WHAT YOU HAVE TO DO:
Without pictures, retype the following entries exactly.

(Captioned web image data)
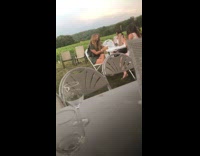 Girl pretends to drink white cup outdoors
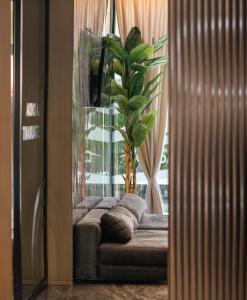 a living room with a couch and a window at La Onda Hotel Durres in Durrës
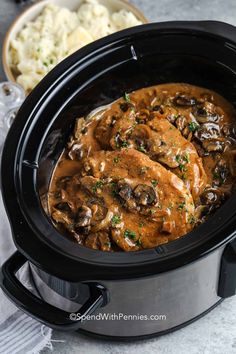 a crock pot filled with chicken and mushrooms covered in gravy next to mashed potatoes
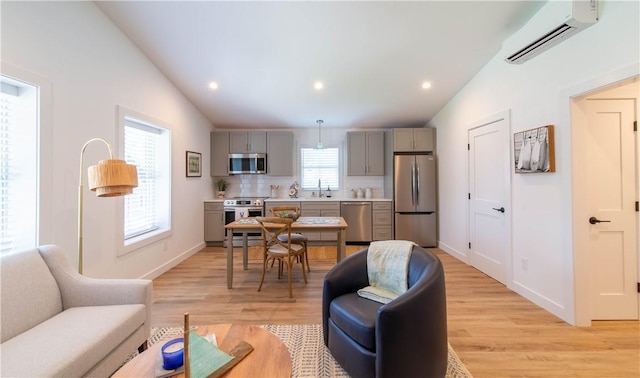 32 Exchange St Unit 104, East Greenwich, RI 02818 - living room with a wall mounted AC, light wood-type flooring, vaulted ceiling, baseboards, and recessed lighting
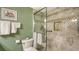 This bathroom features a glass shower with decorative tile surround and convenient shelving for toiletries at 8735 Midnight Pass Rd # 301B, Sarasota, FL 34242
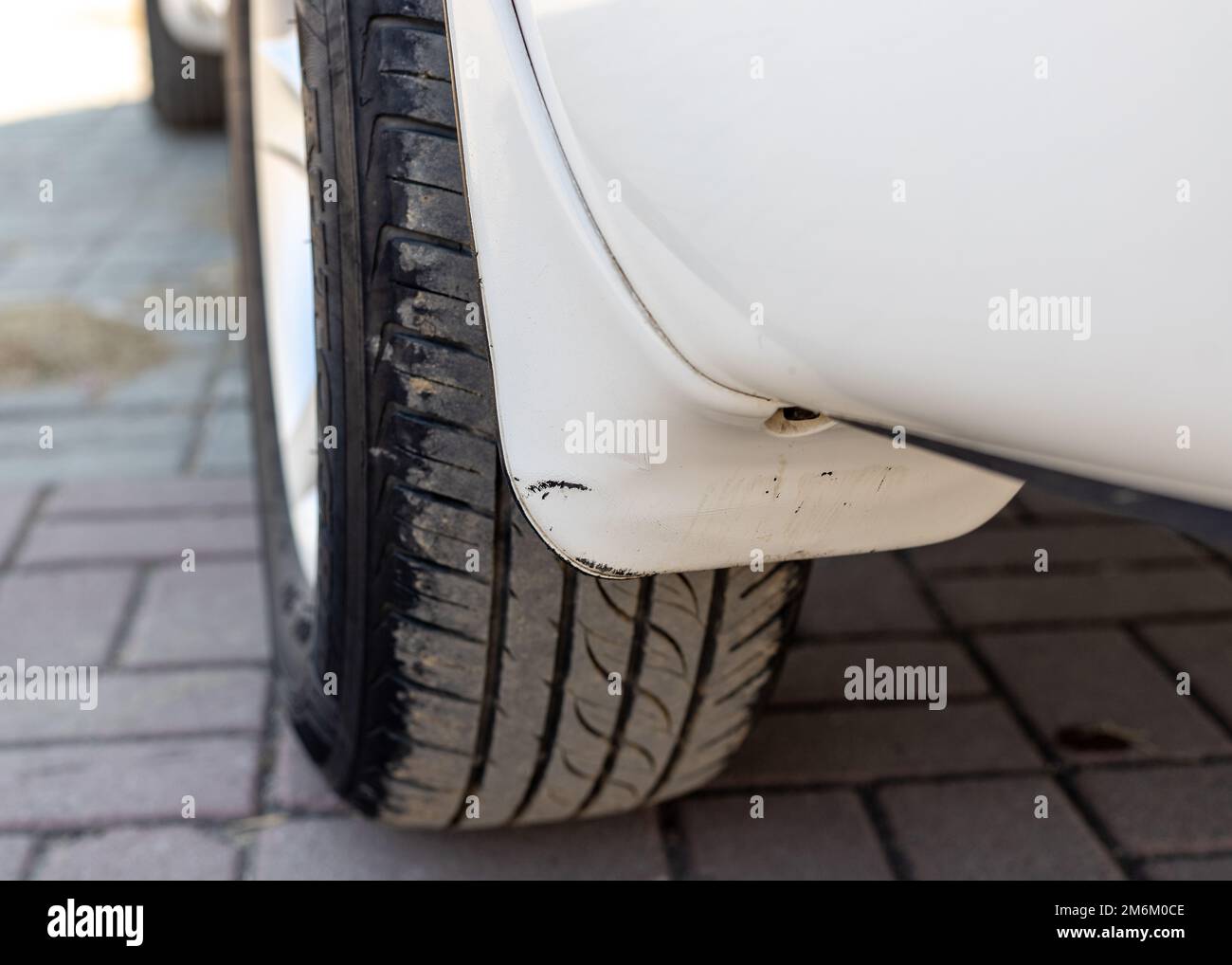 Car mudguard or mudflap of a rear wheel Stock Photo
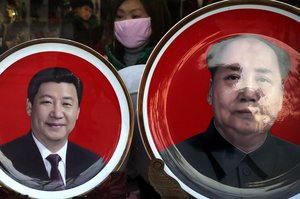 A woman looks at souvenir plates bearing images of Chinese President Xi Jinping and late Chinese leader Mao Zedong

TASK OUTPUT:
 Girl pretends to drink white cup outdoors
 a living room with a couch and a window at La Onda Hotel Durres in Durrës
 a crock pot filled with chicken and mushrooms covered in gravy next to mashed potatoes
 32 Exchange St Unit 104, East Greenwich, RI 02818 - living room with a wall mounted AC, light wood-type flooring, vaulted ceiling, baseboards, and recessed lighting
 This bathroom features a glass shower with decorative tile surround and convenient shelving for toiletries at 8735 Midnight Pass Rd # 301B, Sarasota, FL 34242
 Car mudguard or mudflap of a rear wheel Stock Photo
 A woman looks at souvenir plates bearing images of Chinese President Xi Jinping and late Chinese leader Mao Zedong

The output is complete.